Do you believe in destiny? I definitely do. In June 2008, I was on a visit to Bozeman, Montana for my son’s 11th birthday. Evan and I were returning to our hotel room after a fun-filled day when I caught a glimpse of a beautiful young woman with dark hair. My heart started to race and I felt compelled to say something or at least make a connection. Like an excited young school boy, I yelled from my car to get her attention. She turned, with an aggravated look on her face. “What!?” Then she walked away and I felt my heart drop. My son, in a role reversal of the best kind, said, “Dad, you can’t just talk to people you don’t know.” I looked at him and smiled, trying not to show my disappointment.
Summertime in Montana can be breathtaking. A couple of days later, I was standing at the door of our room admiring the view; just then, the same beautiful woman reappeared. This time I was more careful about my approach. Although my heart was racing again, I remained calm. Before I knew it, we were conversing and it immediately became obvious that she was not American. In fact, Kateryna was from the Ukraine. Minutes turned into hours and once we parted, we continued our conversation via email. Later Kateryna visited me for a few days in L.A.; they were some of the best days of my life.
When Kateryna returned to the Ukraine, we set up a Skype account with a web cam so we could see and hear each other. There is a ten-hour time difference, so we usually spoke once in the morning and once late at night, which is her morning. One of the first things I noticed was that no matter what time of day it was she usually had two things by her side, chocolate and a steaming cup. One night I asked her if she ever had problems sleeping with all the caffeine? “It’s not coffee, it’s tea,” she said, explaining that she preferred tea over the strong coffee they have in the Ukraine. Now, when we talk, I usually have a sweet and spicy tea and she enjoys a green or black one.

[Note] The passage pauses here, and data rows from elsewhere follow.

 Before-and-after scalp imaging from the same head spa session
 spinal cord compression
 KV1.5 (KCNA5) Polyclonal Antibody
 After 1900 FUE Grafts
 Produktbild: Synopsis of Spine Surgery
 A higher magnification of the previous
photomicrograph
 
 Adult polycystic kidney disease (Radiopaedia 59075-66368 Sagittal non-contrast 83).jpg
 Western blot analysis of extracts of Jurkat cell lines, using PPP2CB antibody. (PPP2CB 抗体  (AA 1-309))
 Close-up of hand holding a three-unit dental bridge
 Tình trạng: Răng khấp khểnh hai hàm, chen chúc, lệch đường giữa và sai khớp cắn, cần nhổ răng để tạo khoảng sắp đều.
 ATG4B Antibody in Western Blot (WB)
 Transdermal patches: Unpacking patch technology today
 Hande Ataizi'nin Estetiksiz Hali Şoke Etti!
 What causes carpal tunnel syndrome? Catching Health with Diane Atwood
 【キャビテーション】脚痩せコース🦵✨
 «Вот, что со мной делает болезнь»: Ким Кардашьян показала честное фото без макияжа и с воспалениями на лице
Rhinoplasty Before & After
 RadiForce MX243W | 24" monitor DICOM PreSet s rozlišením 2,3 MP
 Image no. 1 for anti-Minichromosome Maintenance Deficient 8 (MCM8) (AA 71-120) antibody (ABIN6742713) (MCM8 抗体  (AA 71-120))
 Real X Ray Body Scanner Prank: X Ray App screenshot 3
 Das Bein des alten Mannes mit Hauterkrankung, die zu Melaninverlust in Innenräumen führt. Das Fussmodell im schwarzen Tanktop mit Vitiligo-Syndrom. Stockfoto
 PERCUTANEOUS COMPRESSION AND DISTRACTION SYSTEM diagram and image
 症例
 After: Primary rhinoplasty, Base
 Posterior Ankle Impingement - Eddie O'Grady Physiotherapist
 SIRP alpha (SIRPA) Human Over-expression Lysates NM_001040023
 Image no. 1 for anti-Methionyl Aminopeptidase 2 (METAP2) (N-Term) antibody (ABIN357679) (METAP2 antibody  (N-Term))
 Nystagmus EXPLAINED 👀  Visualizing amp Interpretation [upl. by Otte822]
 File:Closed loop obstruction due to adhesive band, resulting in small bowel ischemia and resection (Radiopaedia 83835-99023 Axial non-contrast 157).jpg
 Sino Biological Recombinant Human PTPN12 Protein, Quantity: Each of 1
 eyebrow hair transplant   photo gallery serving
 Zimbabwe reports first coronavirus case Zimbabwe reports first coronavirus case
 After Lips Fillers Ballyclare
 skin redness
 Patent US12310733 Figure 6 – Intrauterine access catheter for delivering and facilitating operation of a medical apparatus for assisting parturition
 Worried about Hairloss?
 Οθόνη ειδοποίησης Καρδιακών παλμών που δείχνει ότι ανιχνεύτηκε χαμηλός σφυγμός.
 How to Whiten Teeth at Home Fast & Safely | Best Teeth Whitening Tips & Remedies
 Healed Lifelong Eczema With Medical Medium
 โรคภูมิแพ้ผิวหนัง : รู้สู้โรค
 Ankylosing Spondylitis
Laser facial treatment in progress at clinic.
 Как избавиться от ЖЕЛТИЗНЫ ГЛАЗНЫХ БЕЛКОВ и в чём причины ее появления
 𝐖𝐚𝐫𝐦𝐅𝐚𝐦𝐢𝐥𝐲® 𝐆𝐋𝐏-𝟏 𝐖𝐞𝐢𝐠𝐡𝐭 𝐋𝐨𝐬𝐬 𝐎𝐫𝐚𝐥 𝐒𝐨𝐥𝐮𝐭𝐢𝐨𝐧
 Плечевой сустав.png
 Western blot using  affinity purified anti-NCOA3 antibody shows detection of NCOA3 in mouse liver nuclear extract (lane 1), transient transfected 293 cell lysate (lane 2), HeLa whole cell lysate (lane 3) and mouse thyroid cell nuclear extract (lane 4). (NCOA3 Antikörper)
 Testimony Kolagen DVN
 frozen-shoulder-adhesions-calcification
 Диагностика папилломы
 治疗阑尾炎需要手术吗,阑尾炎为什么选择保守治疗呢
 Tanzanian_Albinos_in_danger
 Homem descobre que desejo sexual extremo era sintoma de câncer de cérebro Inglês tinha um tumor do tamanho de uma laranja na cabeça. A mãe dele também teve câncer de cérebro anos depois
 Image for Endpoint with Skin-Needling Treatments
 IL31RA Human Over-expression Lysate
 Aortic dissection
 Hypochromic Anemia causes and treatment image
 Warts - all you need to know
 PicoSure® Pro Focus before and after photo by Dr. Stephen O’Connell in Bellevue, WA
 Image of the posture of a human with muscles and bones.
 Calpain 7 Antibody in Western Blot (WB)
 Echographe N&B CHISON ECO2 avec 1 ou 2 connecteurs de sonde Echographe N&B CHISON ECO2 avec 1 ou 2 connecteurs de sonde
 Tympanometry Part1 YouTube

As I write this, I am visiting Kateryna in the Ukraine. I brought a variety of teas from America for her to compare with the teas in the Ukraine. Her mother sent some wild raspberries that she picked from the countryside for me to try on my visit. Kateryna’s family is from Derazhnia, which is about 500 miles west of Kiev, the Ukrainian capitol. Many families go on weekly trips to the countryside to pick wild herbs and berries, which are virtually chemical- and pesticide-free. Yesterday we were on our way to her home town from Kiev and stopped on the way to have a quick bite at a Korean restaurant. Along with the meal, we enjoyed some rice tea. The tea had a great flavor and the teapot was glass so you could see the rice floating in the pot. During a short walk after the meal, I mentioned to Kateryna that I felt as if I were walking on air. Whether it was the tea or love or perhaps both, I felt wonderful. We have had tea together everyday since I have been here. We plan on getting married and having a family together. I am absolutely positive that our children will be avid tea drinkers.